Question

When exactly is a gene "expressed"?

0

Entering edit mode

5.1 years ago

exin ▴ 60

I'm interested in comparing the genes that are expressed in several cell types in order to infer functionings of these cell types.

I use DESeq to find genes that are differentially expressed (DE). However, a gene doesn't always have to be DE to be involved in the functionings of a cell. So ideally I'd like to come up with a reasonable method to find genes that are "expressed".

Some previous members of my lab came up with the Quartile Expression method: a gene is considered expressed if its transcript count (normalised but not transformed) is in the upper quartile of all genes across all samples. A major issue: Some genes just have much more transcript counts, so they're always expressed (across all samples), and this skews the Q values.

Anyone can point me to a reference where other methods have been attempted? Any thoughts?

gene expression RNA-Seq • 1.4k views

ADD COMMENT • link updated 5.1 years ago by Charles Warden 8.2k • written 5.1 years ago by exin ▴ 60

2

Entering edit mode

Is this a question about actual bioinformatics methods, or is this a philosophical question about what it means to “express” a gene?

ADD REPLY • link 5.1 years ago by Joe 21k

0

Entering edit mode

Probably stats/ bioinformatics. Especially the part on dealing with genes with exceptionally large transcript counts across all samples.

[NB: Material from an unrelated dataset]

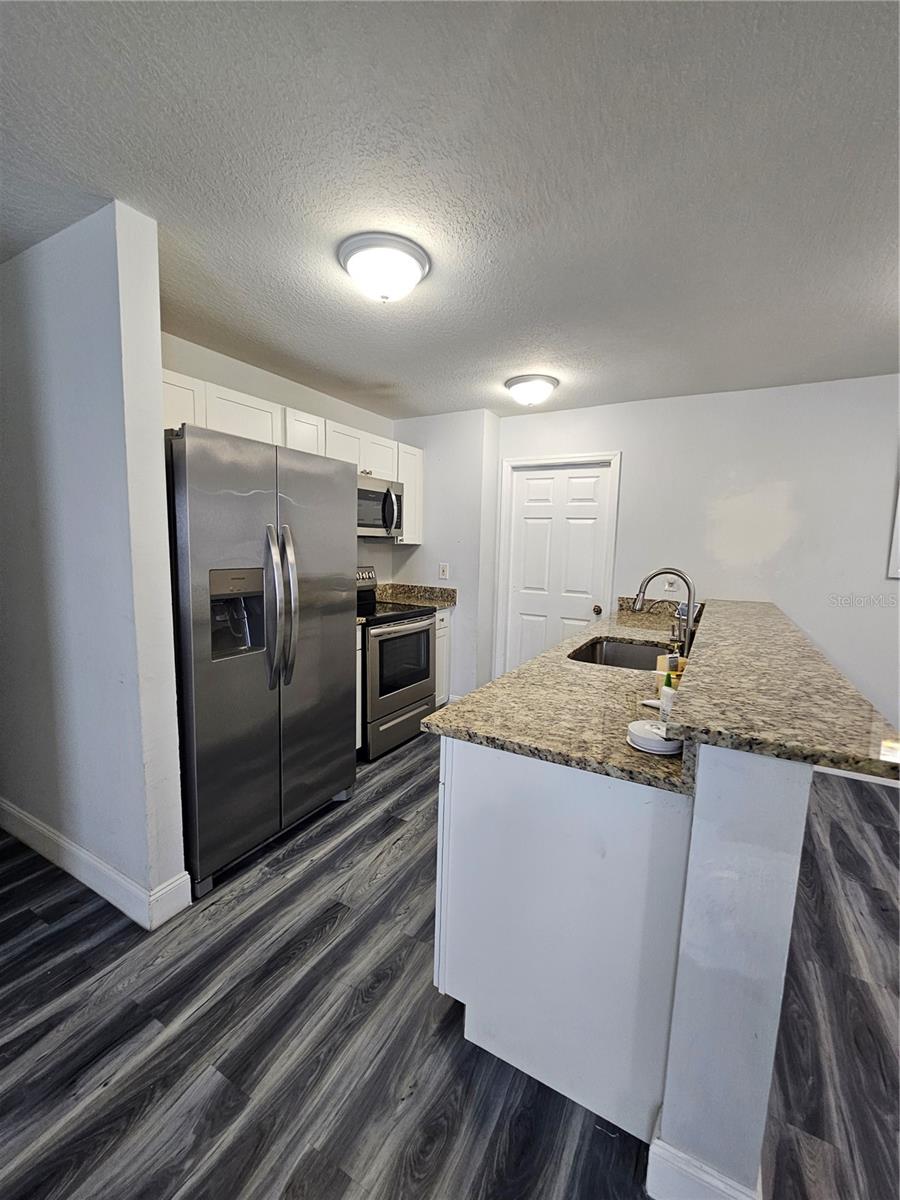 2312 E 22ND AVE, TAMPA, FL, 33605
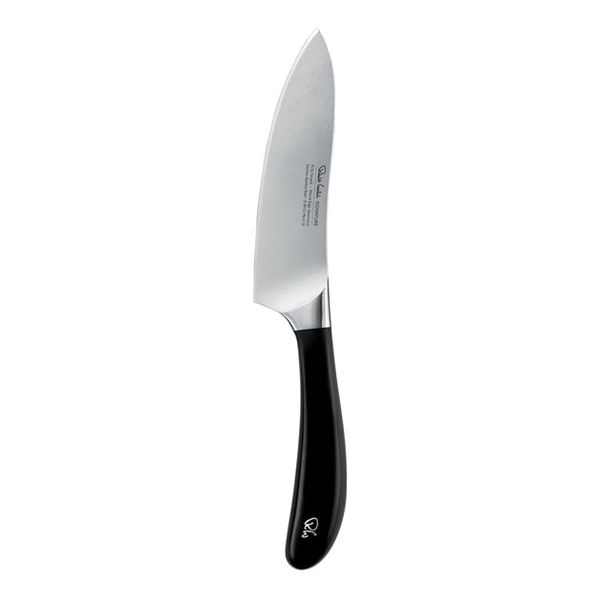 14cm Signature Chefs Knife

ADD REPLY • link 5.1 years ago by exin ▴ 60

score 4 · Answer 1 · 2019-03-21

If you define an FPKM value of 0.1 as a rough value for a gene expressed above background, that would probably indicate 60-70% of genes are expressed in your sample. I think this seems reasonable (as a rough guideline).

If you want to use a higher FPKM / expression value (such as FPKM > 1) to choose genes that are easier to validate (or otherwise reduce your gene list), that would be a valid point. However, that doesn't mean genes with lower expression (or even expression of FPKM = 0.95) aren't expressed. So, I think that is a slightly different question.

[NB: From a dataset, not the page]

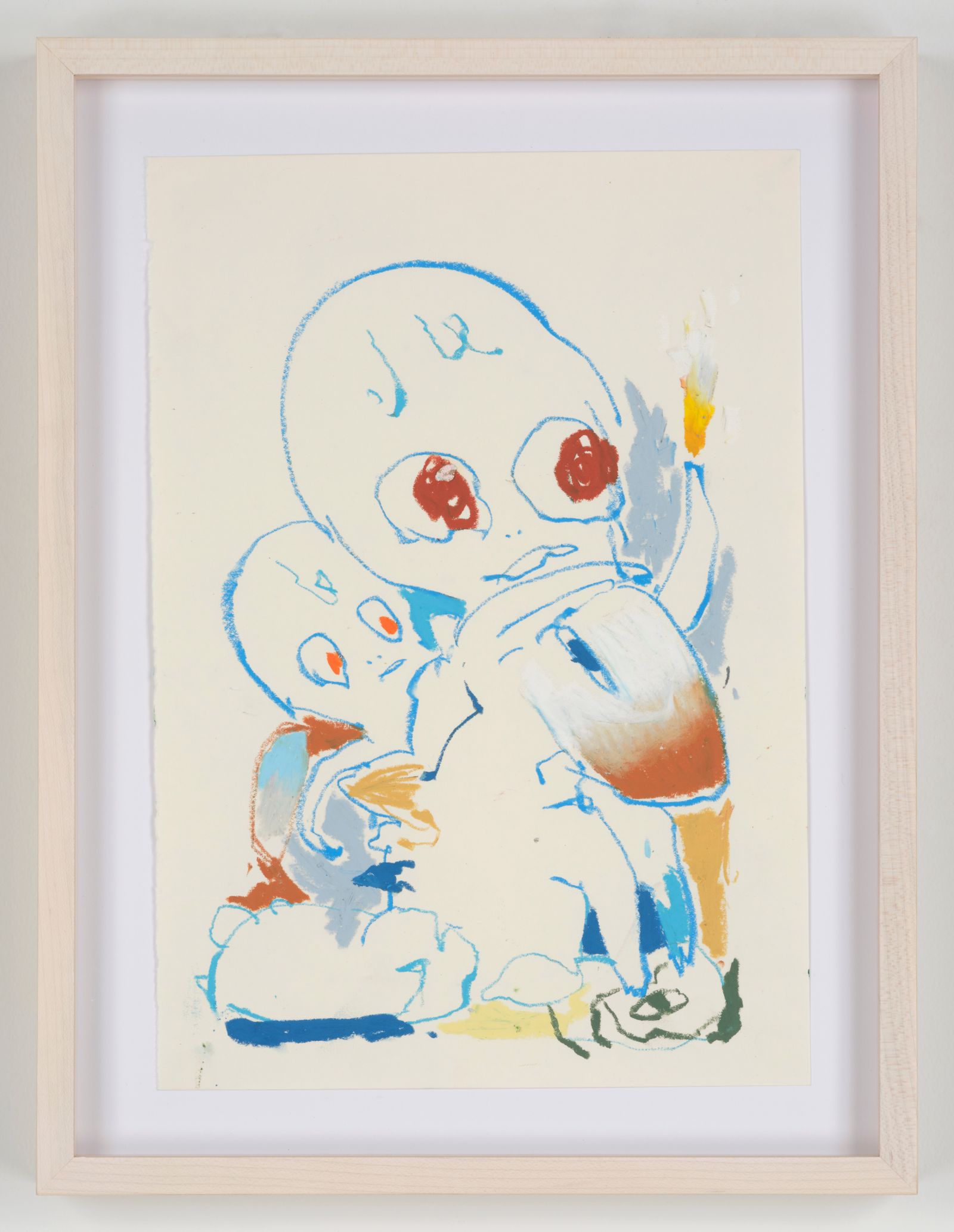 NANZUKA - Contemporary Art Gallery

That said, I think upper-quartile is probably too stringent to define a gene as expressed (I think that would correspond to a FPKM value greater than 1).

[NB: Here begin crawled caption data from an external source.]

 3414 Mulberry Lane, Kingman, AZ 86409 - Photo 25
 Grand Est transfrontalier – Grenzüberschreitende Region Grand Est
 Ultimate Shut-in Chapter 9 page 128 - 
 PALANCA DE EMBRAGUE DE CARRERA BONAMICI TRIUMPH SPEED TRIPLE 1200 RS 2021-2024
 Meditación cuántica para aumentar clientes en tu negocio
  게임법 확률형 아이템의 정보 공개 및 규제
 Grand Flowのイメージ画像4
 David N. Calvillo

score 3 · Answer 2 · 2019-03-21

A gene is expressed if its DNA is transcribed into RNAs. So by definition if you detect RNAs for a gene then that gene is expressed. What expression level should be considered relevant for the biological question at hand may not be easy to define which is why people go for DE genes, that's at least statistically tractable if not always biologically relevant.

score 3 · Answer 3 · 2019-03-21

There is no right answer for this question. The combination of low sensitivity (sequencing is not exhaustive) and transcriptional noise means one cannot answer the question. Any solution to this problem will be an arbitrary cutoff.

Practical considerations:

If a genomic feature have to few reads our statical methods cannot theoretically find any significant changes meaning they are not worth testing.
A major reason why we typically filter out low expressed features is that testing "to many" features will result in the FDR correction being very hard and we potentially miss relevant targets.
Personally I think quantile based approaches are kinda strange and prefer absolute cutoffs instead. I think is easier to interpret and also fits better with point (1).

Tool solutions:

You can pre-filter using some arbitrary cutoffs/functions (e.g. edgeRs filterByExpression() function)
You can after testing all your features weight the p-values by the expression with tools such as IHW (note a version of this approach is actually build into DESeq2)

Lastly since you clearly want to compare two conditions you are properly well of doing the DE analysis.